ENTRIES SHOWN =
# # # # #

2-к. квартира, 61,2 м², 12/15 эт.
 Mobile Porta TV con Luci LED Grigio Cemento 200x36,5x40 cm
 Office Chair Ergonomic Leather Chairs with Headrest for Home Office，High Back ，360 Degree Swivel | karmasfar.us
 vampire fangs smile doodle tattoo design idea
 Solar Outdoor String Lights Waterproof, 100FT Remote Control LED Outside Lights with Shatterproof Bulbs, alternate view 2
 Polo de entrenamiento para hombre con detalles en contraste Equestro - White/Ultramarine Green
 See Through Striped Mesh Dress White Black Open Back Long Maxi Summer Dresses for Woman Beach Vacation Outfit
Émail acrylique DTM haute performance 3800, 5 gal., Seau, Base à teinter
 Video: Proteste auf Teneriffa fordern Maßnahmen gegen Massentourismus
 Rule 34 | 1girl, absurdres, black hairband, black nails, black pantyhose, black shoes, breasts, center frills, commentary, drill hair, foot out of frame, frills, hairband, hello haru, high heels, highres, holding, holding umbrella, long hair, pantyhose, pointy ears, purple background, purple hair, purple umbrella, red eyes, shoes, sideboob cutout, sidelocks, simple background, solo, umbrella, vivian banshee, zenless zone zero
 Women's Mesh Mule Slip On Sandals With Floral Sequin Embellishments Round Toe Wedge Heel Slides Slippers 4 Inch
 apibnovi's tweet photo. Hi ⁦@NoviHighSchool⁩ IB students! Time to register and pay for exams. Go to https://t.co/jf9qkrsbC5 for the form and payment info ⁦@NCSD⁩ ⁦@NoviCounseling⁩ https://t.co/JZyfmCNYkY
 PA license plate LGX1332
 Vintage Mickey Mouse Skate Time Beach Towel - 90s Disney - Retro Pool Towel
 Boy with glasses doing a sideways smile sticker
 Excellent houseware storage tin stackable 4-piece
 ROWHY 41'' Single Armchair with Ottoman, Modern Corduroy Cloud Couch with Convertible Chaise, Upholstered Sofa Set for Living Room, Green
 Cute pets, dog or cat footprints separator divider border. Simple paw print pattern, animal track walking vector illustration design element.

# # # # #

PROBLEM DESCRIPTION = Wherever the word "Mesh" appears in the data, return the whole line.

ANSWER =
 See Through Striped Mesh Dress White Black Open Back Long Maxi Summer Dresses for Woman Beach Vacation Outfit
 Women's Mesh Mule Slip On Sandals With Floral Sequin Embellishments Round Toe Wedge Heel Slides Slippers 4 Inch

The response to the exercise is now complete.